Brief descriptive captions
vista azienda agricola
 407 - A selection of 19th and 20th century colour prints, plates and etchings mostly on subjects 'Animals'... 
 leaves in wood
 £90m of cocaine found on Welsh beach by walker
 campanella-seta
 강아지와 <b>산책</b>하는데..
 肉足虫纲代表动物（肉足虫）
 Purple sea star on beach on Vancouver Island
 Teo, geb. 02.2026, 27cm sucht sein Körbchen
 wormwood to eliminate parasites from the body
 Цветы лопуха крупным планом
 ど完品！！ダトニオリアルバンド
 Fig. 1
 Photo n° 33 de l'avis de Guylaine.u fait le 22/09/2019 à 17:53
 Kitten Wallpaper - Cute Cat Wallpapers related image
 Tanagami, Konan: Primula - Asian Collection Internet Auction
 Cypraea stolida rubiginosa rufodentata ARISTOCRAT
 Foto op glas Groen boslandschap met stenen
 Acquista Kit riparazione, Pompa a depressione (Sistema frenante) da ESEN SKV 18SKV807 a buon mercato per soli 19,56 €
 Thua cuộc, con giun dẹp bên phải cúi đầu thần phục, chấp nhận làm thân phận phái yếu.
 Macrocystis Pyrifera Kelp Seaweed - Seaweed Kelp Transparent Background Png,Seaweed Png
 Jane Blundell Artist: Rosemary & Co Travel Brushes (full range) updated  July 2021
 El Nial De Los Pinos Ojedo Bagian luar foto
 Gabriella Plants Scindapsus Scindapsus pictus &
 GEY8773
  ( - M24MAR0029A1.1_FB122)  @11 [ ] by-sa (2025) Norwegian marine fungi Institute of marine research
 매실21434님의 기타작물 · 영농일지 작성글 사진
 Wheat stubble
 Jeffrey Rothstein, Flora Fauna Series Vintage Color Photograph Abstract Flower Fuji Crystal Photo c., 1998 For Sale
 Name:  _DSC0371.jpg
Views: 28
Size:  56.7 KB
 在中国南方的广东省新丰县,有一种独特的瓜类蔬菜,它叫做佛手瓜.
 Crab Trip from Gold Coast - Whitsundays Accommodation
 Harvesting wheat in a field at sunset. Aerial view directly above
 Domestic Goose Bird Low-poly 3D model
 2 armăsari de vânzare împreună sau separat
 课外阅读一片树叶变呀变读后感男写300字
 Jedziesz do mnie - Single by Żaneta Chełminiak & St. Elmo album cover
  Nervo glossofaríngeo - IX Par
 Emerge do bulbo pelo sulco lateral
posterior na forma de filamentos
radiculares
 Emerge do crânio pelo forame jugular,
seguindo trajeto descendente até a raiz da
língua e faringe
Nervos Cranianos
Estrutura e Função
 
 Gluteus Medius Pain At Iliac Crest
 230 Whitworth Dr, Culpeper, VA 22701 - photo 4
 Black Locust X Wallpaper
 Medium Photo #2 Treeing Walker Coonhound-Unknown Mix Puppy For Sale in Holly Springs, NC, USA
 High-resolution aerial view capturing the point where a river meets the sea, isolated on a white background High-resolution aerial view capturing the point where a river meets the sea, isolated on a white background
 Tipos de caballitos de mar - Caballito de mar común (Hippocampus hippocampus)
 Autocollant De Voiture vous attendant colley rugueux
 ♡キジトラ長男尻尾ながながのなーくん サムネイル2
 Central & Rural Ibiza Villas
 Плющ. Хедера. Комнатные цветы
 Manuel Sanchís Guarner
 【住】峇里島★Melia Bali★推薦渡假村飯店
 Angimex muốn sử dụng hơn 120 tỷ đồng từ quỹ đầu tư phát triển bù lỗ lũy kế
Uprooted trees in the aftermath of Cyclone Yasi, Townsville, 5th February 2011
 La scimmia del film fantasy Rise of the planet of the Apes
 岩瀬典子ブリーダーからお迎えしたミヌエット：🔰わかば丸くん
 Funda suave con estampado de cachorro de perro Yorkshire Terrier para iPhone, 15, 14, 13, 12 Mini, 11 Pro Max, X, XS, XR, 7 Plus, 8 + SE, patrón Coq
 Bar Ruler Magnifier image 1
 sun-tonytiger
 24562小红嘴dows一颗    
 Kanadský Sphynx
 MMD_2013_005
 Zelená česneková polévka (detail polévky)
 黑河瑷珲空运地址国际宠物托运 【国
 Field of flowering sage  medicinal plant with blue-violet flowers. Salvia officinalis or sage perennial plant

Directions for this task:
Once you have read the records above, output each of them verbatim.

Result of the exercise:
vista azienda agricola
 407 - A selection of 19th and 20th century colour prints, plates and etchings mostly on subjects 'Animals'... 
 leaves in wood
 £90m of cocaine found on Welsh beach by walker
 campanella-seta
 강아지와 <b>산책</b>하는데..
 肉足虫纲代表动物（肉足虫）
 Purple sea star on beach on Vancouver Island
 Teo, geb. 02.2026, 27cm sucht sein Körbchen
 wormwood to eliminate parasites from the body
 Цветы лопуха крупным планом
 ど完品！！ダトニオリアルバンド
 Fig. 1
 Photo n° 33 de l'avis de Guylaine.u fait le 22/09/2019 à 17:53
 Kitten Wallpaper - Cute Cat Wallpapers related image
 Tanagami, Konan: Primula - Asian Collection Internet Auction
 Cypraea stolida rubiginosa rufodentata ARISTOCRAT
 Foto op glas Groen boslandschap met stenen
 Acquista Kit riparazione, Pompa a depressione (Sistema frenante) da ESEN SKV 18SKV807 a buon mercato per soli 19,56 €
 Thua cuộc, con giun dẹp bên phải cúi đầu thần phục, chấp nhận làm thân phận phái yếu.
 Macrocystis Pyrifera Kelp Seaweed - Seaweed Kelp Transparent Background Png,Seaweed Png
 Jane Blundell Artist: Rosemary & Co Travel Brushes (full range) updated  July 2021
 El Nial De Los Pinos Ojedo Bagian luar foto
 Gabriella Plants Scindapsus Scindapsus pictus &
 GEY8773
  ( - M24MAR0029A1.1_FB122)  @11 [ ] by-sa (2025) Norwegian marine fungi Institute of marine research
 매실21434님의 기타작물 · 영농일지 작성글 사진
 Wheat stubble
 Jeffrey Rothstein, Flora Fauna Series Vintage Color Photograph Abstract Flower Fuji Crystal Photo c., 1998 For Sale
 Name:  _DSC0371.jpg
Views: 28
Size:  56.7 KB
 在中国南方的广东省新丰县,有一种独特的瓜类蔬菜,它叫做佛手瓜.
 Crab Trip from Gold Coast - Whitsundays Accommodation
 Harvesting wheat in a field at sunset. Aerial view directly above
 Domestic Goose Bird Low-poly 3D model
 2 armăsari de vânzare împreună sau separat
 课外阅读一片树叶变呀变读后感男写300字
 Jedziesz do mnie - Single by Żaneta Chełminiak & St. Elmo album cover
  Nervo glossofaríngeo - IX Par
 Emerge do bulbo pelo sulco lateral
posterior na forma de filamentos
radiculares
 Emerge do crânio pelo forame jugular,
seguindo trajeto descendente até a raiz da
língua e faringe
Nervos Cranianos
Estrutura e Função
 
 Gluteus Medius Pain At Iliac Crest
 230 Whitworth Dr, Culpeper, VA 22701 - photo 4
 Black Locust X Wallpaper
 Medium Photo #2 Treeing Walker Coonhound-Unknown Mix Puppy For Sale in Holly Springs, NC, USA
 High-resolution aerial view capturing the point where a river meets the sea, isolated on a white background High-resolution aerial view capturing the point where a river meets the sea, isolated on a white background
 Tipos de caballitos de mar - Caballito de mar común (Hippocampus hippocampus)
 Autocollant De Voiture vous attendant colley rugueux
 ♡キジトラ長男尻尾ながながのなーくん サムネイル2
 Central & Rural Ibiza Villas
 Плющ. Хедера. Комнатные цветы
 Manuel Sanchís Guarner
 【住】峇里島★Melia Bali★推薦渡假村飯店
 Angimex muốn sử dụng hơn 120 tỷ đồng từ quỹ đầu tư phát triển bù lỗ lũy kế
Uprooted trees in the aftermath of Cyclone Yasi, Townsville, 5th February 2011
 La scimmia del film fantasy Rise of the planet of the Apes
 岩瀬典子ブリーダーからお迎えしたミヌエット：🔰わかば丸くん
 Funda suave con estampado de cachorro de perro Yorkshire Terrier para iPhone, 15, 14, 13, 12 Mini, 11 Pro Max, X, XS, XR, 7 Plus, 8 + SE, patrón Coq
 Bar Ruler Magnifier image 1
 sun-tonytiger
 24562小红嘴dows一颗    
 Kanadský Sphynx
 MMD_2013_005
 Zelená česneková polévka (detail polévky)
 黑河瑷珲空运地址国际宠物托运 【国
 Field of flowering sage  medicinal plant with blue-violet flowers. Salvia officinalis or sage perennial plant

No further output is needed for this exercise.